In the present case, the statute allowed the prosecutor to aggregate a series of misdemeanor thefts so as to produce three felony counts. Before trial, defendant filed a motion to prohibit the court from aggregating the theft transactions pursuant to ORS 164.115(5), contending that doing so without being guided by a systematic policy, consistently applied, violated her right to equal treatment under Article I, section 20, of the Oregon Constitution. The state responded that the prosecutor made charging decisions in theft cases according to a policy that consisted of a list of 26 factors to be taken into consideration in each case. The court denied defendant's motion, and she was subsequently convicted. On appeal, she assigns error to the court's denial of her motion to prohibit use of ORS 164.115(5).

As we explained in Savastano, ___ Or App at ___ (slip op at 3-4),

"The law governing standardless distribution of privileges and immunities under Article I, section 20, is well settled. That provision bars unlawful governmental discrimination against individuals as individuals, as well as against individuals based on their membership in some class. State v. Buchholz, 309 Or 442, 446, 788 P2d 998 (1990); State v. Clark, 291 Or 231, 237, 630 P2d 810, cert den, 454 US 1084 (1981). The former type of unlawful discrimination occurs when the state distributes a benefit or burden in a standardless, ad hoc fashion, without any 'coherent, systematic policy.' State v. Freeland, 295 Or 367, 375, 667 P2d 509 (1983). The prohibition on ad hoc distribution of burdens or benefits 'reaches forbidden inequality in the administration of laws under delegated authority as well as in legislative enactments.' Clark, 291 Or at 239. It constrains, among other things, prosecutorial discretion, including prosecutorial charging decisions. State v. McDonnell, 313 Or 478, 837 P2d 941 (1992) (decision to offer plea bargain); Buchholz, 309 Or at 446-47 (same); State v. Farrar, 309 Or 132, 786 P2d 161, cert den, 498 US 879 (1990) (decision whether to prosecute for aggravated murder or murder); Freeland, 295 Or 367 (decision whether to charge by information or indictment); State v. Reynolds, 289 Or 533, 539-40, 614 P2d 1158 (1980) (decision whether to charge for murder or felony murder). To prevail on such a claim, the defendant has the burden of establishing the lack of criteria or, if these are criteria, the lack of consistent enforcement. City of Salem v. Bruner, 299 Or 262, 271, 702 P2d 70 (1985). The criteria need not be formally promulgated; in fact, they need not even be written policies. Clark, 291 Or at 246.

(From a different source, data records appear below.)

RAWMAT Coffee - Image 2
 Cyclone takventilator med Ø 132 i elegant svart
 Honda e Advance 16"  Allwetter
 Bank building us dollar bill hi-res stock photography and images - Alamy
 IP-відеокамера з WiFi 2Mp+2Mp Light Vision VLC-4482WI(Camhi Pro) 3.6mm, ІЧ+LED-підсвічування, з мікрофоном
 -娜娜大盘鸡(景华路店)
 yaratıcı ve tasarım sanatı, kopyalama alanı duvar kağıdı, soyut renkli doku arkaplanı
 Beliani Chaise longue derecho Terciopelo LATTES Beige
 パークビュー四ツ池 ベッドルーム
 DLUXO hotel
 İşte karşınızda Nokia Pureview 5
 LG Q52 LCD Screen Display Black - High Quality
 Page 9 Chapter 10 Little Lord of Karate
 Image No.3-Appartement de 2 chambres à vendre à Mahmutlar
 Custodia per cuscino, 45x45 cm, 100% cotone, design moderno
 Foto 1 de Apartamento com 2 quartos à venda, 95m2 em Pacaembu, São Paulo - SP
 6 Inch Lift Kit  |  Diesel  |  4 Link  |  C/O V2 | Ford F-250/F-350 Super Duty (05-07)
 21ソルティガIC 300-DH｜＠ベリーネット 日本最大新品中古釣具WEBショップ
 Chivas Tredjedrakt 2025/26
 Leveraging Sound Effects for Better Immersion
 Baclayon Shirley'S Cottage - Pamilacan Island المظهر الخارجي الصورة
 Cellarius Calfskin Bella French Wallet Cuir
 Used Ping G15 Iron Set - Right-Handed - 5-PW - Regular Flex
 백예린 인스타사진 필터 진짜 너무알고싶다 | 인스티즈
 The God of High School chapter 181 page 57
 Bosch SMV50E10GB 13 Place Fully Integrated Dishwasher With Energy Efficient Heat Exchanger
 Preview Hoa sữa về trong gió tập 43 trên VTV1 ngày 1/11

"Analysis of a claim that the state, directly or by delegated authority, has run afoul of the individual-based aspect of Article I, section 20, involves two inquiries: First, has a state actor made a decision that confers a privilege or imposes an immunity of constitutional magnitude? Second, if so, has the person claiming a constitutional violation shown that the decision did not result from the application of 'sufficiently consistent standards to represent a coherent, systematic policy'? Freeland, 295 Or at 375."

In the present case, defendant acknowledges the existence of a policy, but contends that "[w]ithout a more detailed explanation of how the prosecutor reached her charging decision, it is impossible to determine whether her choice to apply ORS 164.115(5) to defendant's conduct was made pursuant to a coherent and systematic policy that is applied consistently to all defendants."

Defendant may be correct that a list of general factors, including (as did the prosecutor's list in the present case) "any other circumstances or factors unique to the case," does not automatically and necessarily meet the requirements of Article I, section 20. To do so, the policy must be systematically and consistently applied. Freeland, 295 Or at 377. However, to prevail, defendant must demonstrate inconsistency. Bruner, 299 Or at 271. She made no attempt to do so in this case. The court did not err in denying her motion.